The journal format allows the reader to be swept away in the rhythm and randomness of Dave’s thoughts. What seems to be a monotonous diary of boring country life quickly transforms into a riveting tale full of conspiracy theories, moral dilemmas, and spaceship sightings. The journal format painfully keeps time as the family deals with the tragedy of Sam’s hunting accident and reminds the reader that life does go on. Just when the two main questions of the story, “Have you seen the spaceship?” and “Do you know who shot my son?” get redundant, the story shifts to include the prospect of organ donation in order to save a stranger’s life. The family’s willingness to make sacrifices for the common good is exemplified by how they arrive at a peaceful forgiveness of the anonymous hunter who compromised their family security and instead empathize with the fallible nature of humanity.

Ann Burlingham, Perry

“It’s like I’m in this guy’s head, but the problem is I don’t always want to be there,” says the night nurse. Despite the author’s wry hint that we might agree, I found being in Dave’s head more like being a passenger on a long road trip. He sets the route, but my attention shifts around the edges, taking the same journey, seeing different scenery illuminated by the author. The ride can be as choppy as the ocean he used to surf, repeated actions – calls, thoughts, hospital visits, aircraft sightings – as familiar yet different every time as every wave. Like the ocean, every unique experience is a part of the same vast, interconnected whole, into which even catastrophic events meld into the routine. The end is not an ending but a stopping point. The road, the ocean, the seasons, and Dave’s life continue, always changing, but whole.


Lillian Powell, Perry

The spacecraft added quirk to a book that could have been very bleak without it.

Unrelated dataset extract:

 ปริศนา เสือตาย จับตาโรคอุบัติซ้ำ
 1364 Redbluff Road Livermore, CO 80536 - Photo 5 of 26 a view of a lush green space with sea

Next to countless calls for sick and dying animals, rushing your unconscious son t the ER, a long-lost son who is convinced the entire town knows who shot your other son but won’t tell you, and being faced with a difficult decision that could kill you or save a life, sighting a UFO is a pleasant phenomenon.

It also provided a distraction from mortality, for the characters and the reader. Even for only a few moments, the veterinarian could wonder what that light in the sky was instead of wondering if his son would ever wake up from his coma. Though it accompanied tragedy throughout the story, the spacecraft was less of a foreboding omen than it was a comfort – a literal shining light in the darkness.